Getting Started with Executable Specs

Hardware engineers spend their lives working with specifications, both natual language (“paper”) and executable. We’ve been looking at characterizing the interfaces and internal implementation of executable specifications – models. But, enough theory. Let’s look at specifications and specification refinement through an example. Throughout the process, we can see how the Zuspec ecosystem helps to speed and simplify the modeling process, as well as increasing our ability to reuse models.

Example Vehicle: DMA Engine

A DMA engine is one of my favorite examples to use. It’s relatively simple, yet highlights several key aspects of a range of hardware devices:

  • It is controlled via a software interface (mmio)
  • It has characteristics of other bulk data movers, such as accelerators and high-speed communications interfaces
  • Its operation often involves arbitration and resource contention

Let’s walk through the process of developing a series of executable and natural-language specifications that will allow us to refine a high-level natural-language specification for a DMA device to a synthesizable executable specification. I’ll store all of the models in the zuspec-example-dma repo so you can follow along if you’re interested.

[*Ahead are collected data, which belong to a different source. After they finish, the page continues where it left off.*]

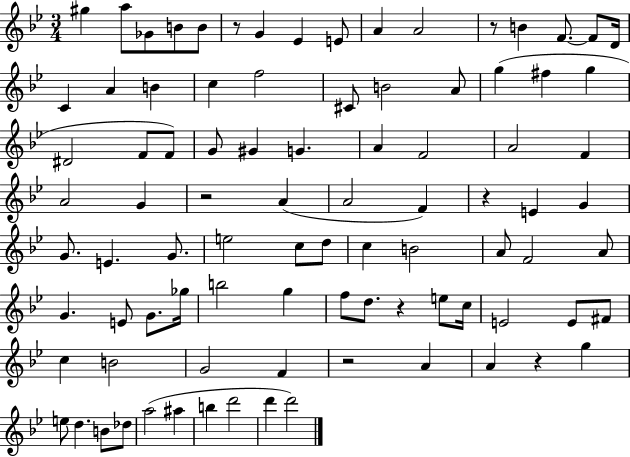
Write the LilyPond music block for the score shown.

{
  \clef treble
  \numericTimeSignature
  \time 3/4
  \key bes \major
  gis''4 a''8 ges'8 b'8 b'8 | r8 g'4 ees'4 e'8 | a'4 a'2 | r8 b'4 f'8.~~ f'8 d'16 | \break c'4 a'4 b'4 | c''4 f''2 | cis'8 b'2 a'8 | g''4( fis''4 g''4 | \break dis'2 f'8 f'8) | g'8 gis'4 g'4. | a'4 f'2 | a'2 f'4 | \break a'2 g'4 | r2 a'4( | a'2 f'4) | r4 e'4 g'4 | \break g'8. e'4. g'8. | e''2 c''8 d''8 | c''4 b'2 | a'8 f'2 a'8 | \break g'4. e'8 g'8. ges''16 | b''2 g''4 | f''8 d''8. r4 e''8 c''16 | e'2 e'8 fis'8 | \break c''4 b'2 | g'2 f'4 | r2 a'4 | a'4 r4 g''4 | \break e''8 d''4. b'8 des''8 | a''2( ais''4 | b''4 d'''2 | d'''4 d'''2) | \break \bar "|."
}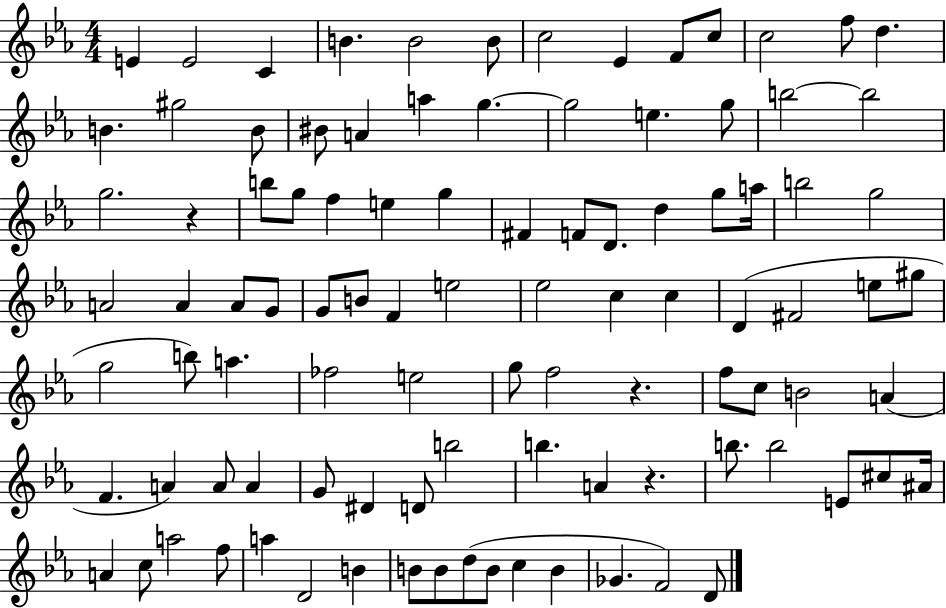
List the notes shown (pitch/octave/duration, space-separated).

E4/q E4/h C4/q B4/q. B4/h B4/e C5/h Eb4/q F4/e C5/e C5/h F5/e D5/q. B4/q. G#5/h B4/e BIS4/e A4/q A5/q G5/q. G5/h E5/q. G5/e B5/h B5/h G5/h. R/q B5/e G5/e F5/q E5/q G5/q F#4/q F4/e D4/e. D5/q G5/e A5/s B5/h G5/h A4/h A4/q A4/e G4/e G4/e B4/e F4/q E5/h Eb5/h C5/q C5/q D4/q F#4/h E5/e G#5/e G5/h B5/e A5/q. FES5/h E5/h G5/e F5/h R/q. F5/e C5/e B4/h A4/q F4/q. A4/q A4/e A4/q G4/e D#4/q D4/e B5/h B5/q. A4/q R/q. B5/e. B5/h E4/e C#5/e A#4/s A4/q C5/e A5/h F5/e A5/q D4/h B4/q B4/e B4/e D5/e B4/e C5/q B4/q Gb4/q. F4/h D4/e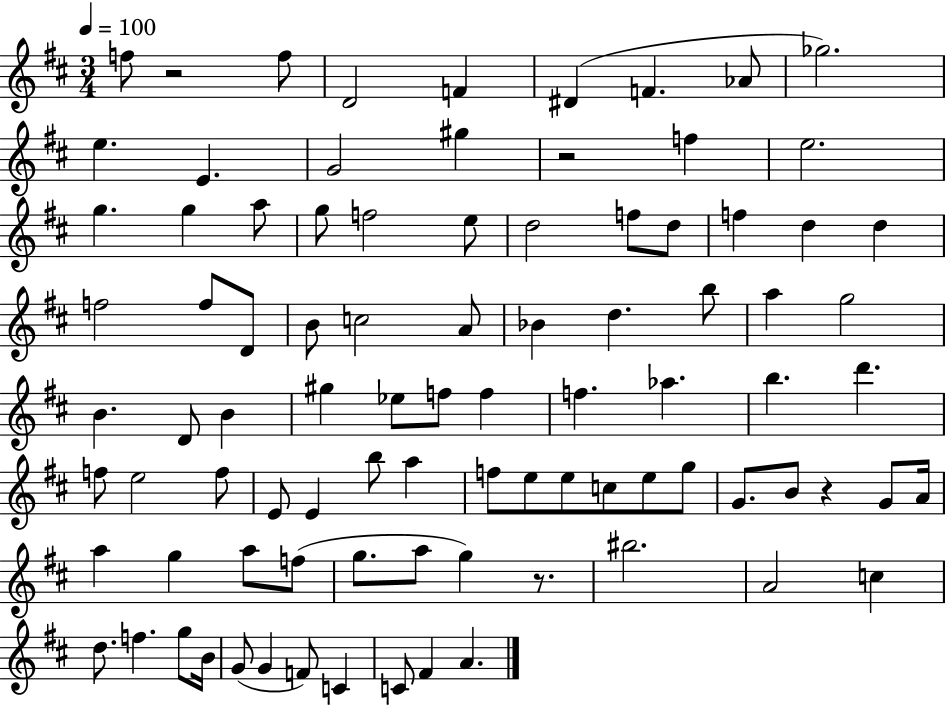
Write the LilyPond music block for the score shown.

{
  \clef treble
  \numericTimeSignature
  \time 3/4
  \key d \major
  \tempo 4 = 100
  f''8 r2 f''8 | d'2 f'4 | dis'4( f'4. aes'8 | ges''2.) | \break e''4. e'4. | g'2 gis''4 | r2 f''4 | e''2. | \break g''4. g''4 a''8 | g''8 f''2 e''8 | d''2 f''8 d''8 | f''4 d''4 d''4 | \break f''2 f''8 d'8 | b'8 c''2 a'8 | bes'4 d''4. b''8 | a''4 g''2 | \break b'4. d'8 b'4 | gis''4 ees''8 f''8 f''4 | f''4. aes''4. | b''4. d'''4. | \break f''8 e''2 f''8 | e'8 e'4 b''8 a''4 | f''8 e''8 e''8 c''8 e''8 g''8 | g'8. b'8 r4 g'8 a'16 | \break a''4 g''4 a''8 f''8( | g''8. a''8 g''4) r8. | bis''2. | a'2 c''4 | \break d''8. f''4. g''8 b'16 | g'8( g'4 f'8) c'4 | c'8 fis'4 a'4. | \bar "|."
}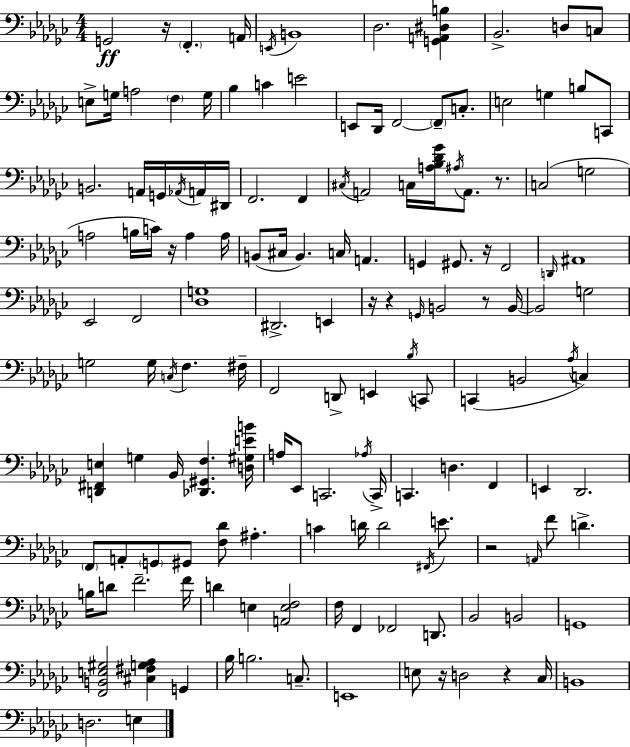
{
  \clef bass
  \numericTimeSignature
  \time 4/4
  \key ees \minor
  g,2\ff r16 \parenthesize f,4.-. a,16 | \acciaccatura { e,16 } b,1 | des2. <g, a, dis b>4 | bes,2.-> d8 c8 | \break e8-> g16 a2 \parenthesize f4 | g16 bes4 c'4 e'2 | e,8 des,16 f,2~~ \parenthesize f,8-- c8.-. | e2 g4 b8 c,8 | \break b,2. a,16 g,16 \acciaccatura { aes,16 } | a,16 dis,16 f,2. f,4 | \acciaccatura { cis16 } a,2 c16 <a bes des' ges'>16 \acciaccatura { ais16 } a,8. | r8. c2( g2 | \break a2 b16 c'16) r16 a4 | a16 b,8( cis16 b,4.) c16 a,4. | g,4 gis,8. r16 f,2 | \grace { d,16 } ais,1 | \break ees,2 f,2 | <des g>1 | dis,2.-> | e,4 r16 r4 \grace { g,16 } b,2 | \break r8 b,16~~ b,2 g2 | g2 g16 \acciaccatura { c16 } | f4. fis16-- f,2 d,8-> | e,4 \acciaccatura { bes16 } c,8 c,4( b,2 | \break \acciaccatura { aes16 } c4) <d, fis, e>4 g4 | bes,16 <des, gis, f>4. <d gis e' b'>16 a16 ees,8 c,2. | \acciaccatura { aes16 } c,16-> c,4. | d4. f,4 e,4 des,2. | \break \parenthesize f,8 a,8-. \parenthesize g,8 | gis,8 <f des'>8 ais4.-. c'4 d'16 d'2 | \acciaccatura { fis,16 } e'8. r2 | \grace { a,16 } f'8 d'4.-> b16 d'8 f'2.-- | \break f'16 d'4 | e4 <a, e f>2 f16 f,4 | fes,2 d,8. bes,2 | b,2 g,1 | \break <f, b, e gis>2 | <cis fis g aes>4 g,4 bes16 b2. | c8.-- e,1 | e8 r16 d2 | \break r4 ces16 b,1 | d2. | e4 \bar "|."
}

DMA High-Level Specification

Let’s start with a simple natural-language spec for what we want. You can find the file here: 01_highlevel_spec.md

# DMA: High-Level Requirements

The DMA engine supports fast memory transfer between two 
memory regions. It is intended for use with both storage
and memory-mapped I/O devices.

## Transfer Requirements: General
- Each transfer shall have an associated priority (0..15)
- Each transfer shall have non-overlapping source and destination addresses
- Each transfer shall specifies the total number of bytes to transfer

## Transfer Requirements: Device
In addition to the requirements above:
- Each transfer shall specify an access size (eg 1, 2, 4, 8)
- Each transfer shall specify a chunk size, denominated in <accesses>
- The total transfer size is in bytes, and must be a multiple of <access-size>
- The source and destination addresses shall be aligned to <access-size>
- Each transfer specifies whether the source/dest addresses are incremented
- Device I/O is generally controlled by requests from the device itself
  - Request a chunk -> DMA engine performs <chunk-size> <access-size> accesses

## Transfer Requirements: Chaining
- It shall be possible to specify lists of both general and device transfers

So, these are quite high-level. They focus on the required functionality, while spending little time on how we might implement this.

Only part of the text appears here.